"Saya mengajak para kader untuk berjuang bersama, berjuang sampai keadilan benar-benar kita dapatkan di tanah Indonesia ini. Ibarat peperangan, perang yang kita lakukan adalah perang yang dapat dibenarkan. Sebuah war of necessity. Sebuah just war. Perang untuk mendapatkan keadilan," kata Susilo Bambang Yudhoyono.
SBY sudah terang-terangan menantang duel. Ia marah besar. Ia berang bukan kepalang. Betapa tidak, rumahnya berasa dimasuki maling. Anehnya, hanya satu benda yang dirusak perompak. Kursi. Meski begitu, cukuplah kursi sebagai alasan untuk mengajak perang.
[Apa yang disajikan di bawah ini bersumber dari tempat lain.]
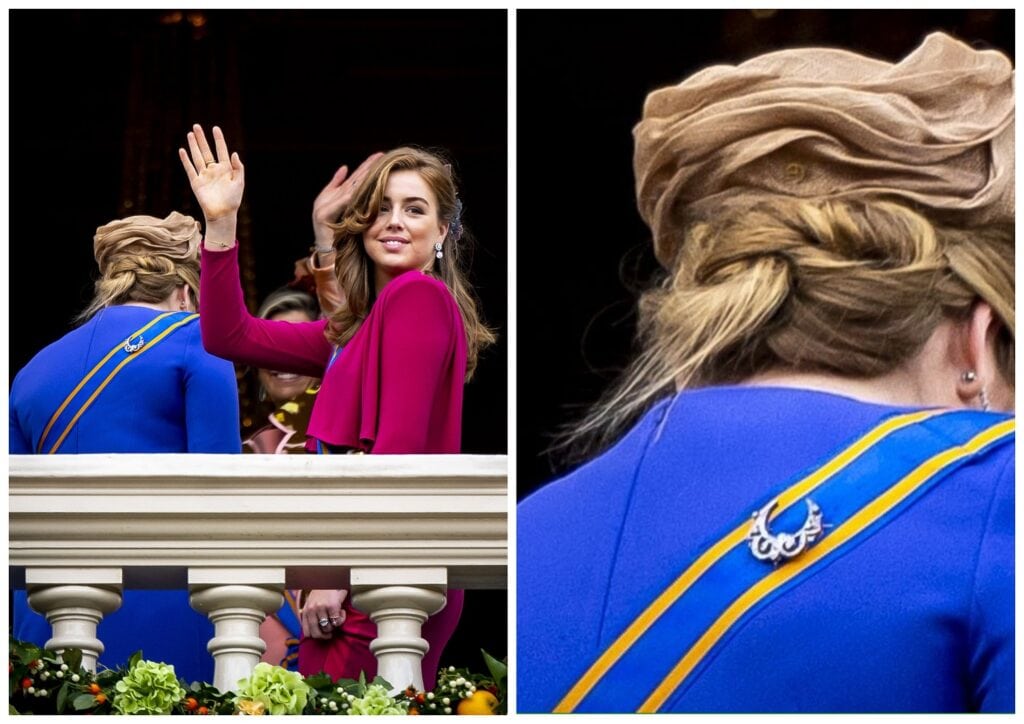 2023 prinsjesdag amalia sieraden ANP 07 broche 02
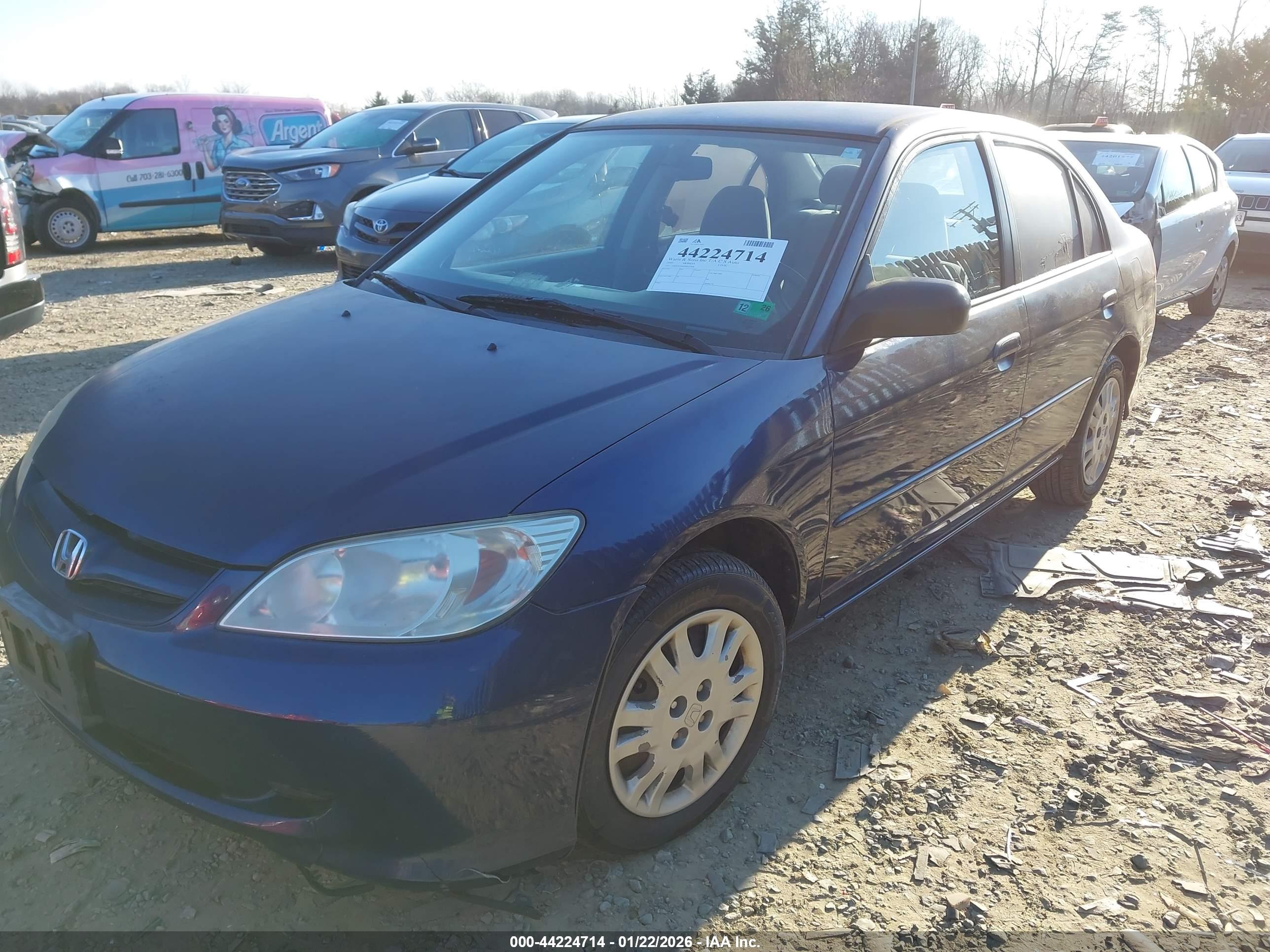 HONDA CIVIC image 2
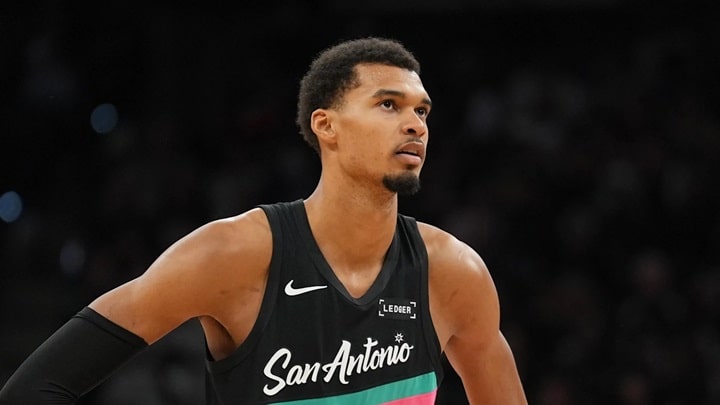 San Antonio Spurs - Victor Wembanyama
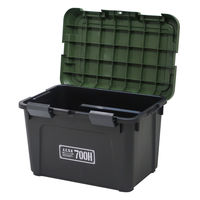 JEJアステージ アクティブストッカー700HX ブラックグリーン 1個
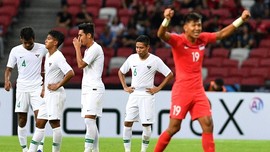 5 Fakta Menarik Usai Timnas Indonesia Kalah dari Singapura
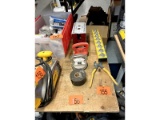 Magnets & Sawhorse Brackets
Perang untuk mendapatkan keadilan. Begitu saripati tantangan SBY kepada Moeldoko alias MDK. Bukan perang biasa. Bukan perang kaleng-kaleng. Bukan perang abal-abal. Benar-benar perang. Tinggal dibubuhi klausa "berperang sampai tetes darah penghabisan", jadilah puputan.
Kader Partai Demokrat kubu AHY sontak merapatkan barisan. Sejumlah DPD kontan menyatakan siap berperang. Mereka seperti ingin mengatakan "kamu jual kami beli" kepada Moeldoko. Tidak hanya perang kata-kata lewat corong media, melainkan benar-benar perang.
Ni'matullah, Ketua DPD Partai Demokrat Sulawesi Selatan:
"Kami di Sulsel menyatakan siap perang. Mohon petunjuk kepada Ketum, karena kami di Sulsel tidak suka bertengkar mulut, tradisi kami baku tikam."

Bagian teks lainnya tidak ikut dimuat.